Problem =
Exact copy, no pictures: return only the lines below from the line with "Silla de Barra True Espalda Blanco" up to and including the line with "Billede 2 - claus".
** Record extracts follows **
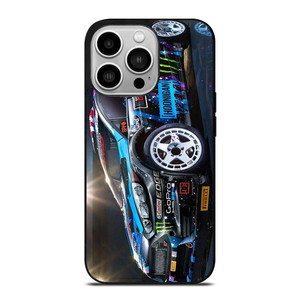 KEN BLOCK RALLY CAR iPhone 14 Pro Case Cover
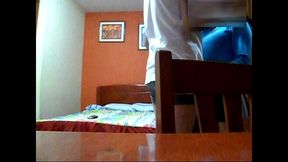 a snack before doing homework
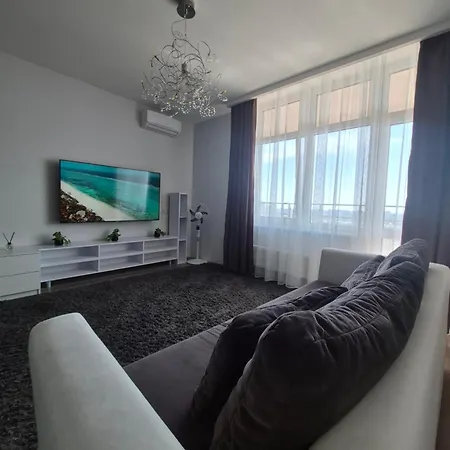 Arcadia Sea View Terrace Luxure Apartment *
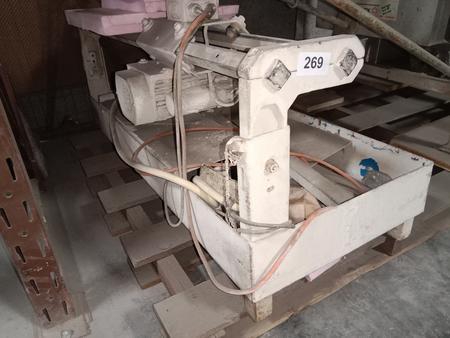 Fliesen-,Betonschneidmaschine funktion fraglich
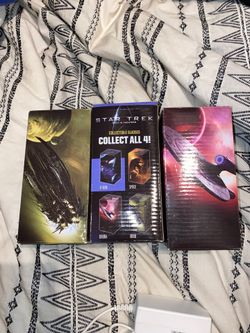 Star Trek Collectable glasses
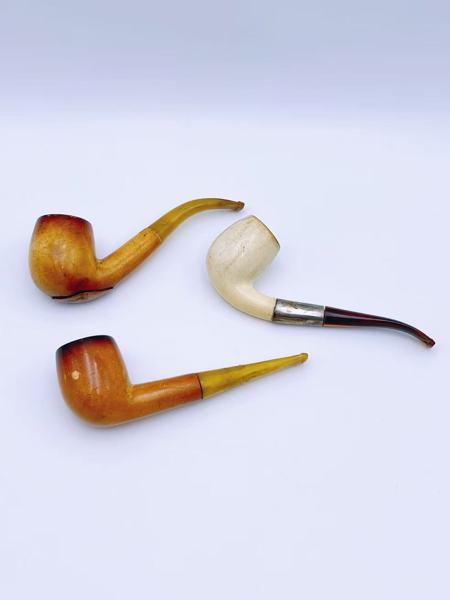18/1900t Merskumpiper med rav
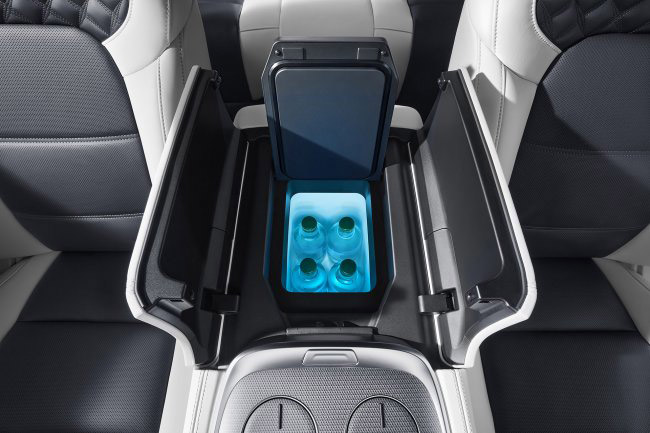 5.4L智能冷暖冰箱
** End of Record extracts **
** Record extracts follows **
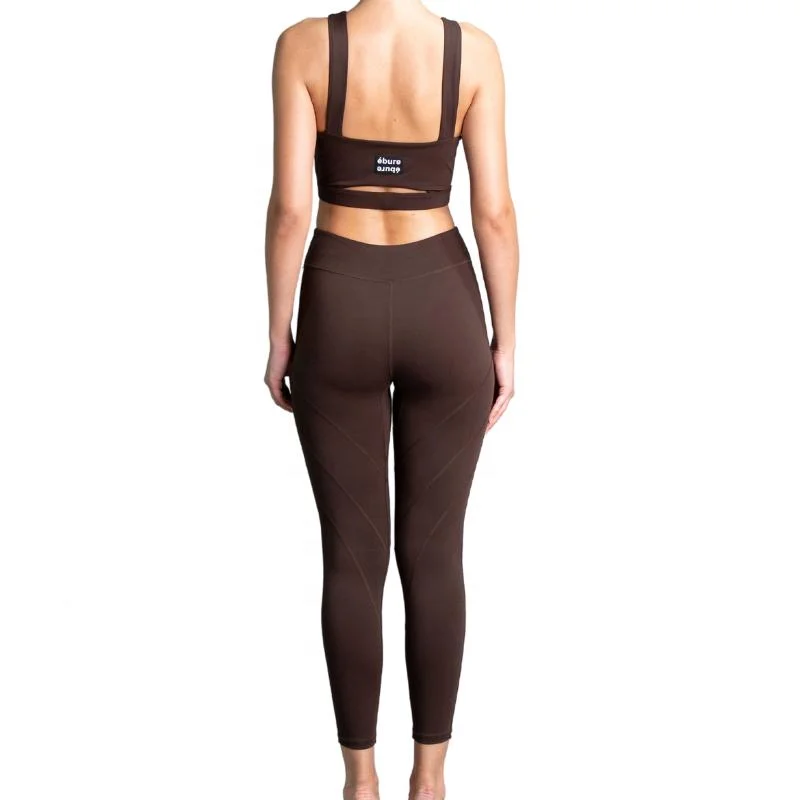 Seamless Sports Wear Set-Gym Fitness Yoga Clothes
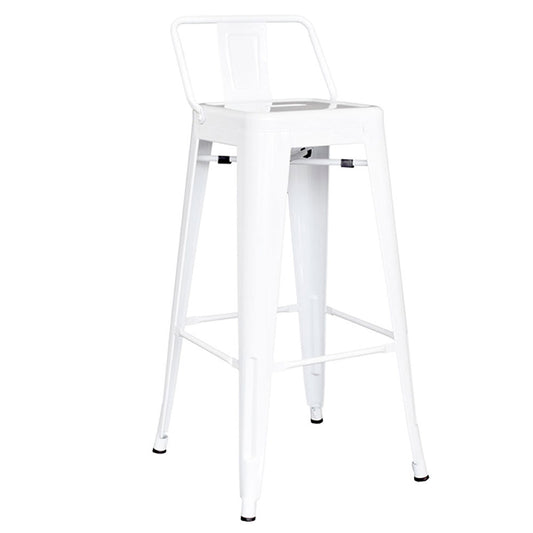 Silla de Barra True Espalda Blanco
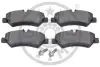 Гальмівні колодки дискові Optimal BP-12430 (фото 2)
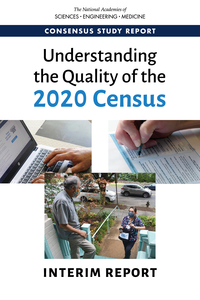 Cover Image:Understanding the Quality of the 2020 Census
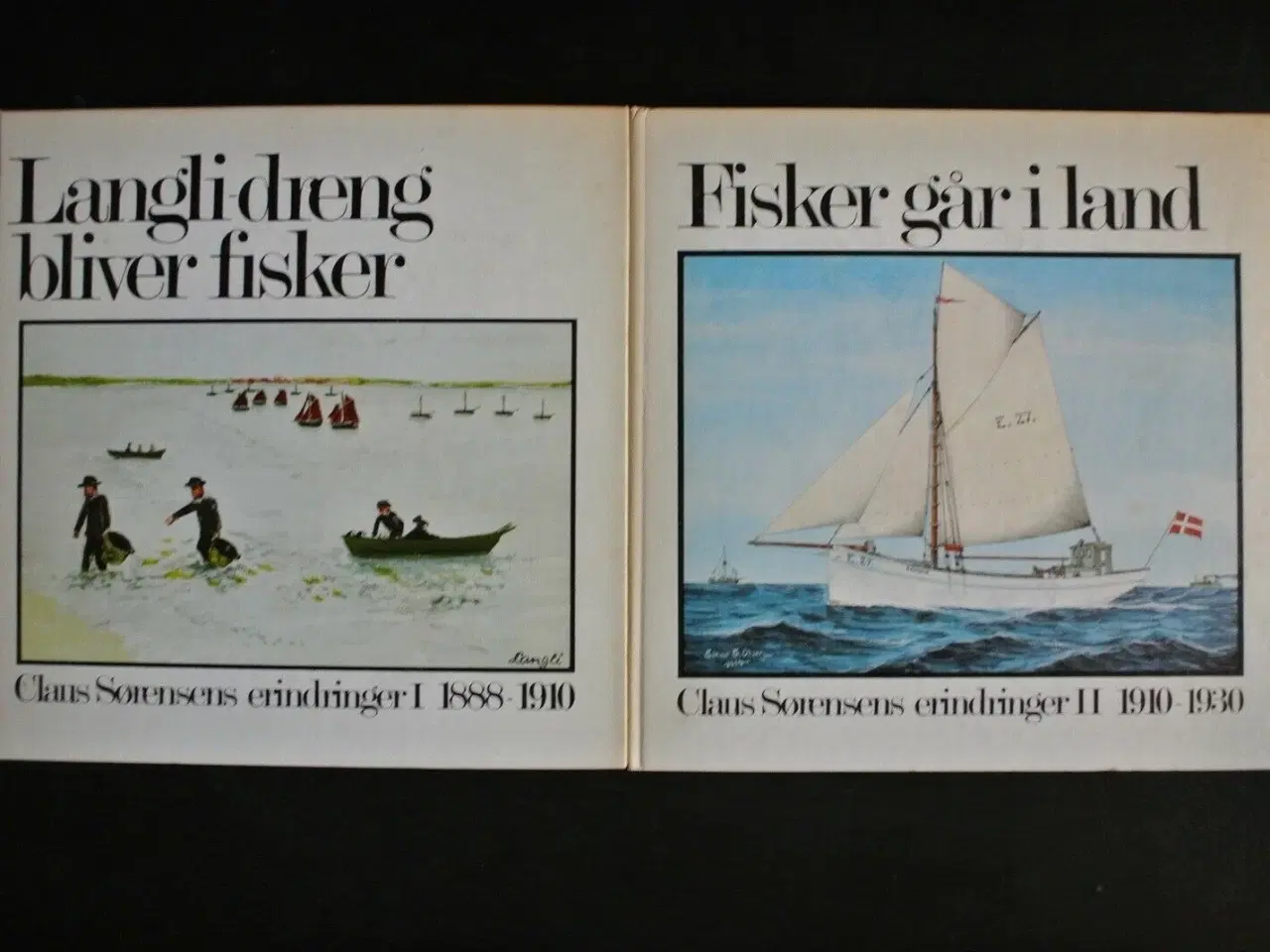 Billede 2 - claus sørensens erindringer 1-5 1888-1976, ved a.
** End of Record extracts **
** Record extracts follows **
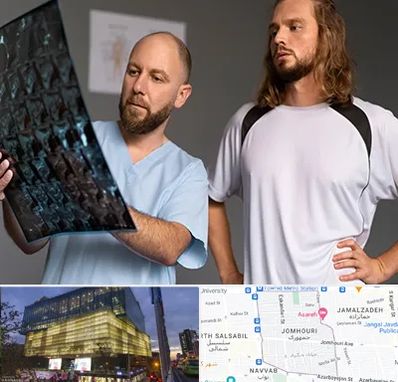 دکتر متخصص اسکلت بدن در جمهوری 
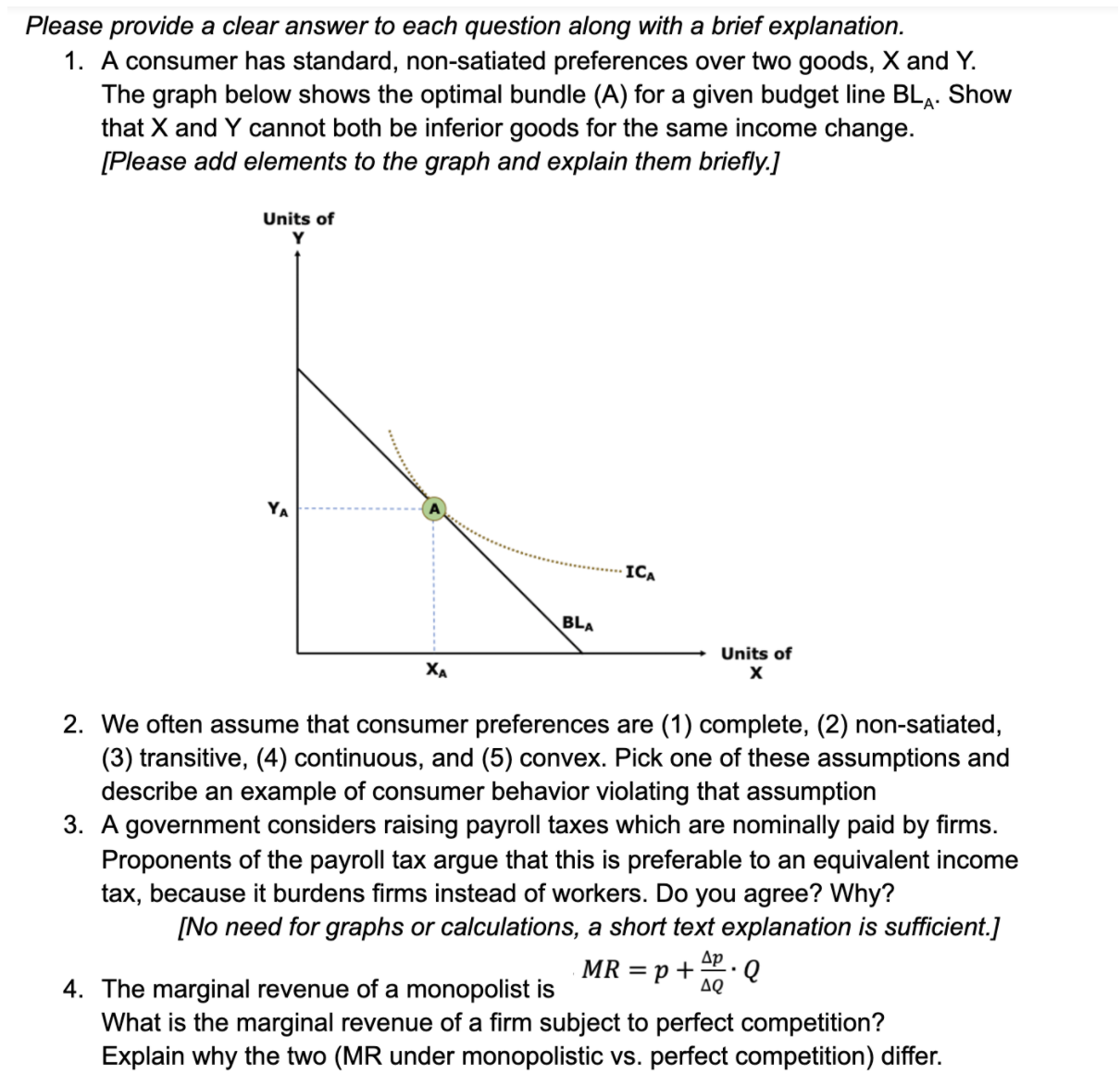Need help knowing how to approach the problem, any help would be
** End of Record extracts **
Task answer =
 Silla de Barra True Espalda Blanco
 Гальмівні колодки дискові Optimal BP-12430 (фото 2)
 Cover Image:Understanding the Quality of the 2020 Census
 Billede 2 - claus sørensens erindringer 1-5 1888-1976, ved a.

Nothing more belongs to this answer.